Disciplinas como el atletismo, las pesas, la lucha, y otras, son una caricatura de lo se hacía hasta comienzos de los 90, que si no han desaparecido es por el esfuerzo individual de algunos atletas.
Un ejemplo palpable lo viene haciendo el colonense Irving Saladino, en una disciplina del atletismo que en el campo nacional se vino a pique con la actual dirigencia.
El Instituto Nacional de Deportes a través de su director general, Ramón Cardoze, consiguió hacer unos juegos deportivos que al final se pueden calificar de positivo tanto en la parte logística como en la deportiva. Se invirtió un poco más de medio millón de dólares, según sus propias palabras.
Los Juegos Deportivos consiguieron maquillar la pálida infraestructura y en algunos deportes suministró implementos.
MEJORAS
Veamos. A la piscina Eileen Coparropa se le hizo mejoras, se acondicionó las áreas de las instalaciones y según Cardoze, por estos días se le pondrá techo a las gradas.
Se le pusieron 16 nuevos partidores modernos; se les suministró 10 nuevas y modernas carrileras, las viejas se la estarán llevando para la piscina en David, Chiriquí.

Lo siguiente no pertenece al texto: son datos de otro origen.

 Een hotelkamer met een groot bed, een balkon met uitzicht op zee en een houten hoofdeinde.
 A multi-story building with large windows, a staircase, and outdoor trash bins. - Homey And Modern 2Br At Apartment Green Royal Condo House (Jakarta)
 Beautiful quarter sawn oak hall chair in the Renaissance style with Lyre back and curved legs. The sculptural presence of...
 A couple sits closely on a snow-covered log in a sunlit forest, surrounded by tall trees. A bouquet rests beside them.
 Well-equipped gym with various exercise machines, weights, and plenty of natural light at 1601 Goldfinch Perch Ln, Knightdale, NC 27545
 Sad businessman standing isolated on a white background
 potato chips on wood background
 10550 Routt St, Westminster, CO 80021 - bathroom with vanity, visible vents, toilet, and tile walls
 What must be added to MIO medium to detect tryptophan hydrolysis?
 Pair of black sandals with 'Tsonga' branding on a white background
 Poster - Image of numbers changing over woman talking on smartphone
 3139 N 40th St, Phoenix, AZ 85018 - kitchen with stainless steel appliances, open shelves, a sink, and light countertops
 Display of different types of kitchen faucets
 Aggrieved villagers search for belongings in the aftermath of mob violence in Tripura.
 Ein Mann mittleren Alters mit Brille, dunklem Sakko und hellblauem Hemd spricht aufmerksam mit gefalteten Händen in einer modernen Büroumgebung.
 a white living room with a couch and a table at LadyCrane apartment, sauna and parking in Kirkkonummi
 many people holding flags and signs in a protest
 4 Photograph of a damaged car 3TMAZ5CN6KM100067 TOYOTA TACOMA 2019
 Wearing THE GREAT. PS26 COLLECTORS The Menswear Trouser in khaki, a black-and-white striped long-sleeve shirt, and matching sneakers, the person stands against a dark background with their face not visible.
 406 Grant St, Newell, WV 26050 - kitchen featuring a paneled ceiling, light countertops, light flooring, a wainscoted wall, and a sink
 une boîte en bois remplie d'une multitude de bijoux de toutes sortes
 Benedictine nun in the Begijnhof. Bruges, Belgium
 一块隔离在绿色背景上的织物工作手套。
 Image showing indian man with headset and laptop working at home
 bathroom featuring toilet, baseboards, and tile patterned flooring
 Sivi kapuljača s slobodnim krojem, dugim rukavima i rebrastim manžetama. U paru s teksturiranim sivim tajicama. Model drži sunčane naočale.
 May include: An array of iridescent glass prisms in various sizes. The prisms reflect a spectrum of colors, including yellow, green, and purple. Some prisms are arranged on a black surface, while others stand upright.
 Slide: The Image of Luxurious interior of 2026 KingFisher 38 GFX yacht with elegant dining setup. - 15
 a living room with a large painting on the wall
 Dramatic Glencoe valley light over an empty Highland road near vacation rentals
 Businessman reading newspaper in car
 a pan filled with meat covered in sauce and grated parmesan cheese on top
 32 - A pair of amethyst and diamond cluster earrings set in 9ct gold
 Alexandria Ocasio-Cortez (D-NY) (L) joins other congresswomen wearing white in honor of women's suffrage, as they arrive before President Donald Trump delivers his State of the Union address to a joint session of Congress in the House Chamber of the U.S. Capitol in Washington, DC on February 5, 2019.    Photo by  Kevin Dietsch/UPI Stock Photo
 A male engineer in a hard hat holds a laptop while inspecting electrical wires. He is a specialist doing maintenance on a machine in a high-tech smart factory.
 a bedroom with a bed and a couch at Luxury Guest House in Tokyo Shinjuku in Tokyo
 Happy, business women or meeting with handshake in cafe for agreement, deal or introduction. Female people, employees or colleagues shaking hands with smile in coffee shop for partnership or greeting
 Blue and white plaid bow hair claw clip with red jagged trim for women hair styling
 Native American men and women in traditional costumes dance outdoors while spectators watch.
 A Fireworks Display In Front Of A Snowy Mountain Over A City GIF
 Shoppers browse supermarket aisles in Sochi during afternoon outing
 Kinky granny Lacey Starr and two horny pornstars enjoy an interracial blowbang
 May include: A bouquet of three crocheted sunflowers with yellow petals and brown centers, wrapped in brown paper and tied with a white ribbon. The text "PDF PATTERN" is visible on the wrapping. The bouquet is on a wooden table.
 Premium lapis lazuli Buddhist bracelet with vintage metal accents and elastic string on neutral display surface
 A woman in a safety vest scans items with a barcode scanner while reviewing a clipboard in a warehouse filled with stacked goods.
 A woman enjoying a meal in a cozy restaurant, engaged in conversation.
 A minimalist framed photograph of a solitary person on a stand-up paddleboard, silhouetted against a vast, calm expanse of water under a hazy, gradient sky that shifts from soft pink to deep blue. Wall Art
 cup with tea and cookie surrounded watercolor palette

Al atletismo se le suministró jabalina, discos, bala, se compró por primera vez un photo finish, se compraron 88 vallas, un equipo completo de salto alto, con su lona, 16 nuevos partidores. Unos 120 mil dólares se invirtieron en el deporte de la pista y el campo.
Aparte de la reconstrucción de la pista de tartán, que data desde 1994, y que por un monto de 139 mil dólares quedó como nueva.
En el karate se consiguió un nuevo juego de tatami, tres pesas electrónicas para pesar a los atletas, dos tableros de marcación electrónica.
A la lucha se la suministró una nueva colchoneta.
Se compraron 10 computadores nuevas para el centro de prensa, hoy esa herramienta se utiliza en los distintos departamentos del Inde.
Al gimnasio Roberto Durán se le reconstruyó en su totalidad el tabloncillo, después de 20 años.
Se reconstruyó una pista de patinaje y se compraron 10 pares de patines nuevos.
El hospedaje, alimentación y transporte interno generó una suma de 300 mil dólares. Se hizo una licitación entres seis hoteles a los que se contactó.